**THE PROBLEM:** Quote every line below exactly and skip any picture.

**DATA BELOW:**

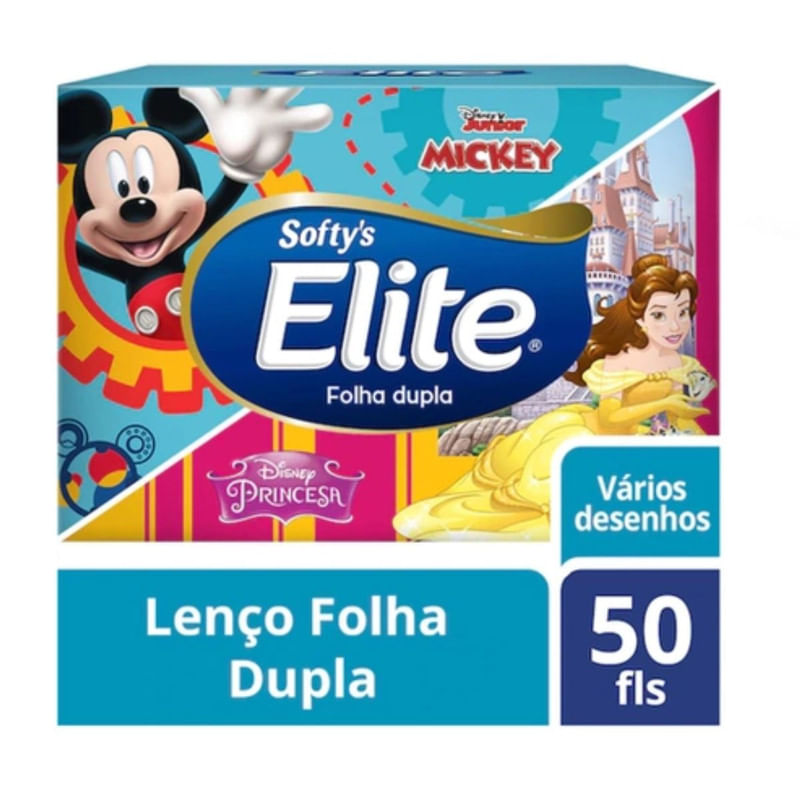 Lenço de Papel Softys Elite Kids Sortido 50 Unidades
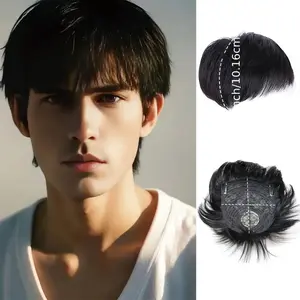 New 2025 Arrivals Real Human Hair Men'S Wig Replacement Patch - Straight, Natural Look, Easy to Wear, No Shedding, Perfect for Daily Use, Hairpiece Replacement |   Natural Look Wig |   Secure Fit Wig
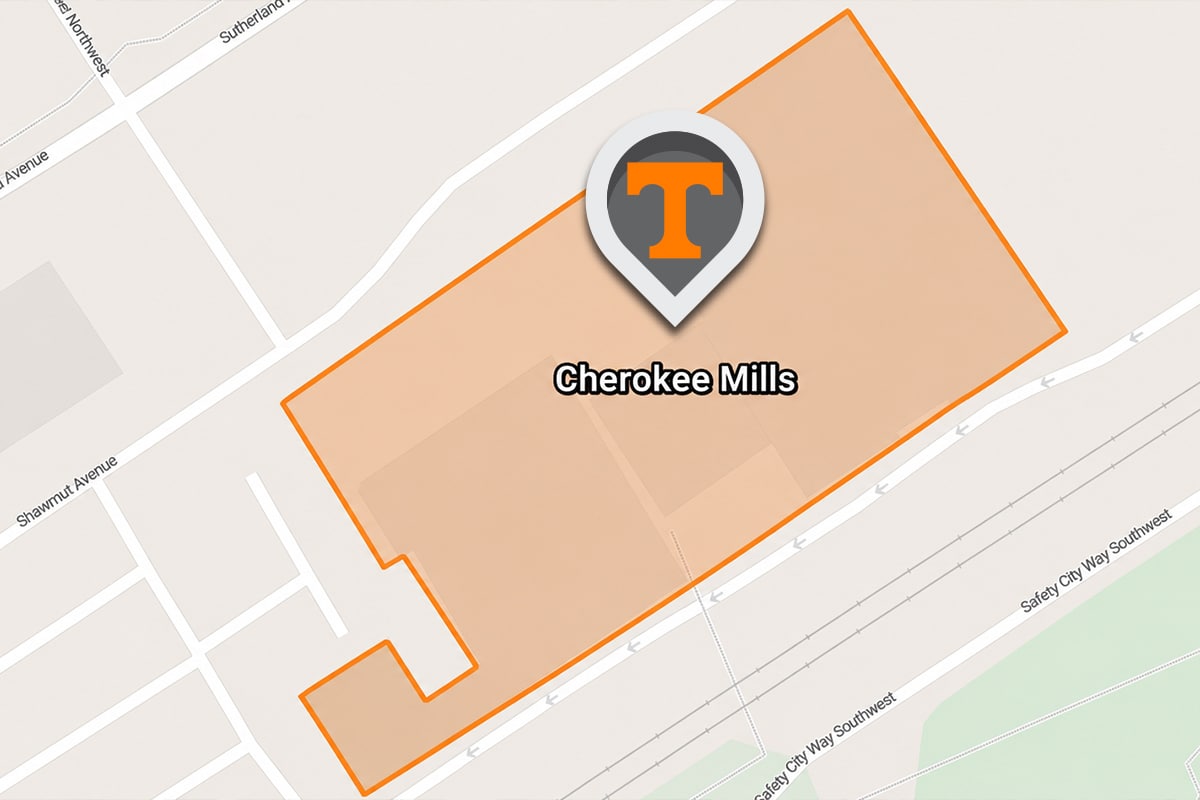 Map showing Cherokee Mills highlighted in orange with a 'T' logo pin.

**RESULT FOR THIS EXERCISE:**
 Lenço de Papel Softys Elite Kids Sortido 50 Unidades
 New 2025 Arrivals Real Human Hair Men'S Wig Replacement Patch - Straight, Natural Look, Easy to Wear, No Shedding, Perfect for Daily Use, Hairpiece Replacement |   Natural Look Wig |   Secure Fit Wig
 Map showing Cherokee Mills highlighted in orange with a 'T' logo pin.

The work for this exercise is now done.